In Depth
Penetration Testing: Dead in 2009
Does penetration testing belong in the QA department? Fortify Co-Founder and Chief Scientist Brian Chess says 2009 will mark the end of pen tests as we know them. His theory is being met with resistance
By Bill Brenner, Senior Editor
"I can totally see where his customers are coming from," Caceres said. "All things being equal, preventing holes from even existing is a much more interesting approach than riding the find-report-hope-somebody-fixes-it hamster wheel."
But, he added, Chess' prediction may be more of an imagined utopia than a real alternative.
"We have been findings bugs for a while, the most common problems are well understood and documented, yet we keep deploying vulnerable apps," he said. "If we believe true perfection is unattainable -- and I do, particularly for application development, we have yet to invent the tool that produces bug-free code -- then apps will always have bugs that need fixing, and some of them will be security related."

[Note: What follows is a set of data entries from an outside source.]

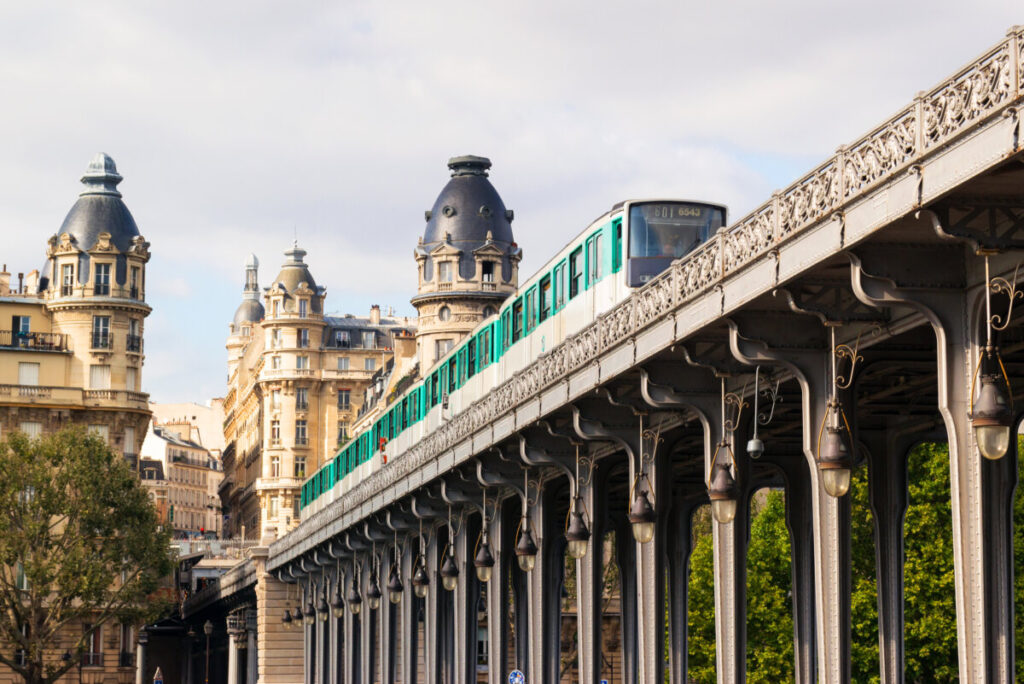 Paris metro train glides between buildings in a vibrant summer cityscape, showcasing the urban landscape.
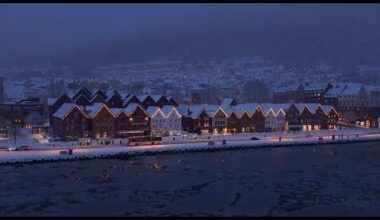 A moody winter night at Bryggen in Bergen with ice on the water
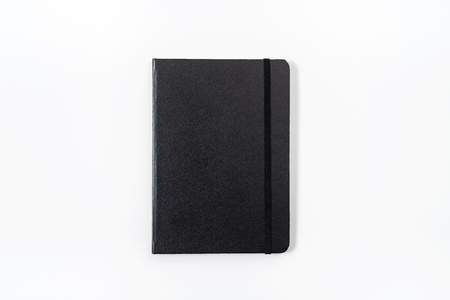 black notebook on white backgroundの写真素材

And that's where penetration testing will remain valuable, he said.
Kevin Riggins, a senior information security analyst for a company in the Des Moines, Iowa, area, said it's hard to argue with Chess' premise that the goal should be fewer failures. But he doesn't believe that sentiment has anything to do with the need for or the use of penetration testing. Furthermore, he said, echoing Jabbusch, production monitoring and measuring and penetration testing do not address the same issue.
"The first measures the availability and effectiveness of your production environment," he said in exchanges via Twitter and e-mail. "The second measures its ability to resist intrusion or attack. They are not the same and you can't get from one to the other by transformation."
A better argument for the death of penetration testing is that there will always be issues found, some of which can not be fixed or effectively mitigated, he added. Therefore, what is the real value to the organization in performing this type of test?
"Don't get me wrong, I don't subscribe to this argument either," Riggins said.
In the final analysis, he said, security pros can't stop performing penetration tests until the current compliance requirements are removed. That's not happening any time soon.
"Penetration tests and vulnerability scans help us find where our processes, procedures, and standards might need work," he said.